Another step in proving that it is that the hydrogenase is indeed responsible for hydrogen production is to contrast the production level between the induced and un-induced bacteria suspension. The experiment we conducted are summarized in Figure 6B In this set of experiment, the blue line (curve 4) acts as our blank control. In this group, we use the wild type BL21 cells without plasmid. Although we can see a positive oscillation during a short time in the curve, the production was not at high rate and is likely due to the native hydrogenase in
E. coli. The green curve (curve 5) represents the transformed bacterial with no induction of IPTG after 12h cultivation. The flat curve shows that it could not produce hydrogen, which proves that the induction of the hydrogenase expression is necessary. To further confirm, we did another experiment using bacteria that have grown 36 hours with no induction. The purple curve (curve 6) clearly contrasts the induced BL21 and the non-induced one. With curve 4 to 6, we have demonstrated that, with the help of NR, it was our hydrogenase in the system that produced the hydrogen we detected.

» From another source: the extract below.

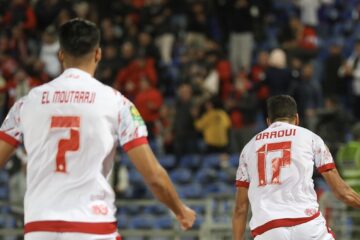 Football, CAF Champions League : le Wydad Atheltic Club dans le temps additionnel, Mamelodi Sundowns tenu en échec par Pyramids.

b) Bidirectional catalytic property of [FeFe] hydrogenase
As mentioned earlier, hydrogenase catalyzes the reversible oxidation of molecular hydrogen (H2). Thus, when we “turn off” the production mode, we should be able to see the consumption of hydrogen by hydrogenase. In testing this bidirectional catalytic property, conducted an experiment where we turned on and turned off the light alternately. The data is shown below in Figure 7. During lighting period, the hydrogen production increases, until we shut off the light at points that correspond to the tips. The curve then goes downward, showing that the hydrogen concentration is lowered, an evidence of the consumption of hydrogen. It is noteworthy that the hydrogenase shows the greatest production rate at the beginning of lighting: a transient sharp rise can be observed at the valleys. It is also obvious that each period of “light-on light-off” gives similar curves, which implies that our hydrogenase is stable.
Figure 2 Verifying the bidirectional catalytic property of [FeFe] hydrogenase.
During the period under lighting, the hydrogen production increases, until we shut off the light at points that correspond to the tips. The curve then goes downward, showing that the hydrogen concentration is lowered, an evidence of the consumption of hydrogen.